# Science modules in Fink: an example

A science module contains necessary routines and classes to process the data, and add values. Typically, you will receive alerts in input, and output the same alerts with additional information. Input alert information contains position, flux, telescope properties, ... You can find what information is available in an alert [here](https://zwickytransientfacility.github.io/ztf-avro-alert/), or check the current [Fink added values](https://fink-broker.readthedocs.io/en/latest/science/added_values/).

In this simple example, we explore a simple science module that takes magnitudes contained in each alert, and computes the change in magnitude between the last two measurements.

In [175]:
# utility from fink-science
from fink_science.utilities import concat_col

## Loading the data

Fink receives data as Avro. However, the internal processing makes use of Parquet files. We provide here alert data as Parquet: it contains original alert data from ZTF and some added values from Fink:

In [176]:
# Load the data into a Spark DataFrame
df = spark.read.format('parquet').load('sample.parquet')

You can check what's in the data

In [177]:
df.printSchema()

root
 |-- candid: long (nullable = true)
 |-- schemavsn: string (nullable = true)
 |-- publisher: string (nullable = true)
 |-- objectId: string (nullable = true)
 |-- candidate: struct (nullable = true)
 |    |-- jd: double (nullable = true)
 |    |-- fid: integer (nullable = true)
 |    |-- pid: long (nullable = true)
 |    |-- diffmaglim: float (nullable = true)
 |    |-- pdiffimfilename: string (nullable = true)
 |    |-- programpi: string (nullable = true)
 |    |-- programid: integer (nullable = true)
 |    |-- candid: long (nullable = true)
 |    |-- isdiffpos: string (nullable = true)
 |    |-- tblid: long (nullable = true)
 |    |-- nid: integer (nullable = true)
 |    |-- rcid: integer (nullable = true)
 |    |-- field: integer (nullable = true)
 |    |-- xpos: float (nullable = true)
 |    |-- ypos: float (nullable = true)
 |    |-- ra: double (nullable = true)
 |    |-- dec: double (nullable = true)
 |    |-- magpsf: float (nullable = true)
 |    |-- sigmapsf: float (nullab

## Calling the science module

First, you need to concatenate historical + current measurements for the quantities of interest. Here, we only need `magpsf`. Hence we create a new column to the DataFrame called `cmagpsf` (for _concatenated_ `magpsf`):

In [178]:
# Required alert columns
what = ['magpsf', 'jd', 'sigmapsf', 'fid']
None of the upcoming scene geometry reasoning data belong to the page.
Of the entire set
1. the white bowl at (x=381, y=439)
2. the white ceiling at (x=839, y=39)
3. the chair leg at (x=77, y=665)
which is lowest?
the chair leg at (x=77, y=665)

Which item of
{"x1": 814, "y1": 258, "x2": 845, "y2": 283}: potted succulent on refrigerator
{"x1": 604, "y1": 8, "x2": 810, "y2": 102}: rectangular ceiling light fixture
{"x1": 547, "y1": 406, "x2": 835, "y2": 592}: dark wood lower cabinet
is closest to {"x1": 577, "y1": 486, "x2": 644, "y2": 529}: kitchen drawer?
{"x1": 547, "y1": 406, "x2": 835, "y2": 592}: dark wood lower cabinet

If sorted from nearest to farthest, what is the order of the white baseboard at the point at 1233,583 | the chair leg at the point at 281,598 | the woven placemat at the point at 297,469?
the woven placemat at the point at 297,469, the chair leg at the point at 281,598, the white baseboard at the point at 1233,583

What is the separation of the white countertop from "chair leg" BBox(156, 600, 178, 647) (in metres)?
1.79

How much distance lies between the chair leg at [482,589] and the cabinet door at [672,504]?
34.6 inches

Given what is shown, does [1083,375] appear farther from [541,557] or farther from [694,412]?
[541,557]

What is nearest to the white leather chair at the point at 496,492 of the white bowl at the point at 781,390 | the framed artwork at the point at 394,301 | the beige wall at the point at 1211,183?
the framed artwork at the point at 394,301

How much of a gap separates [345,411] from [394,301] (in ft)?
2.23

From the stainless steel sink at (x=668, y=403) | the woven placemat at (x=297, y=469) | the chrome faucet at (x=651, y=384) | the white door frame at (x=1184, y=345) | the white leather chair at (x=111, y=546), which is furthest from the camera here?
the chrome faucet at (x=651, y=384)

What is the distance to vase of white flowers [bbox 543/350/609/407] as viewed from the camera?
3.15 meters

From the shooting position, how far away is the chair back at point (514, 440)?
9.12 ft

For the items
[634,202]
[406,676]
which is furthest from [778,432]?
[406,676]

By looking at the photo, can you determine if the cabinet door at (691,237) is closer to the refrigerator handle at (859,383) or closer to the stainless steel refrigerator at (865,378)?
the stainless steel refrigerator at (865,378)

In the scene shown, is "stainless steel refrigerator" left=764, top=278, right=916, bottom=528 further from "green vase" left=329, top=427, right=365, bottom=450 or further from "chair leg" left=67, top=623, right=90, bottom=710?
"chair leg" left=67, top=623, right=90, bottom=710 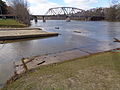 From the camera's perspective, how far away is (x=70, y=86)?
12.4 feet

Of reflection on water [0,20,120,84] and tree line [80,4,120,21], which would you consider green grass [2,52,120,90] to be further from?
tree line [80,4,120,21]

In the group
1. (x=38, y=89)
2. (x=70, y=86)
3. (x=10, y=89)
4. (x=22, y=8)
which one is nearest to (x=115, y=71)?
(x=70, y=86)

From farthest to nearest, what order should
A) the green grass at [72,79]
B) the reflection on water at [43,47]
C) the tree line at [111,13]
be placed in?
the tree line at [111,13] < the reflection on water at [43,47] < the green grass at [72,79]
# Use for creating temp name
prefix = 'c'
what_prefix = [prefix + i for i in what]

# Concatenate historical + current measurements
for colname in what:
    df = concat_col(df, colname, prefix=prefix)

what_prefix

['cmagpsf', 'cjd', 'csigmapsf', 'cfid']

In [179]:
import light_curve as lc
import numpy as np
import pandas as pd

In [180]:
def fix_nans(arr):
    if len(arr.shape)>1:
        raise Exception("Only 1D arrays are supported.")
    
    if np.isnan(arr[0]):
        for elem in arr:
            if not np.isnan(elem):
                arr[0] = elem
                break
        else:
            raise ValueError("nans only!")

    last_value = arr[0]
    for idx, elem in enumerate(arr):
        if not np.isnan(elem):
            last_value = elem
        else:
            arr[idx] = last_value
        

In [191]:
def extract_row(frame, index=0, dtype='float64'):
    return np.array(frame[index][0], dtype=dtype)
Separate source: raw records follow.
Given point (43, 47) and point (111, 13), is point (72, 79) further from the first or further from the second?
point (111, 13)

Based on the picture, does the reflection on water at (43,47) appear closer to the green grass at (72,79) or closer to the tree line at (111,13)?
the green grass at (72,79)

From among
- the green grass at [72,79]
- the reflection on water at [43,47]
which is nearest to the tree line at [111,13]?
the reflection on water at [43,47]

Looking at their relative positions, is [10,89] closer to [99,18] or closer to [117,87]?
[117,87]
def npsave(*args, **kwargs):
    args = [*args]
    args[0] = f"samples/{args[0]}"
    if not args[0].endswith('.npy'):
        args[0] += '.npy'
    return np.save(*args, **kwargs)


def npload(*args, **kwargs):
    args = [*args]
    args[0] = f"samples/{args[0]}"
    if not args[0].endswith('.npy'):
        args[0] += '.npy'
    args[0] = open(args[0], 'rb')
    return np.load(*args, **kwargs)


In [192]:
import os


def create_sample(n=0):
    cmagpsf = extract_row(df.select('cmagpsf').take(n+1), n)
    cjd = extract_row(df.select('cjd').take(n+1), n)
    csigmapsf = extract_row(df.select('csigmapsf').take(n+1), n)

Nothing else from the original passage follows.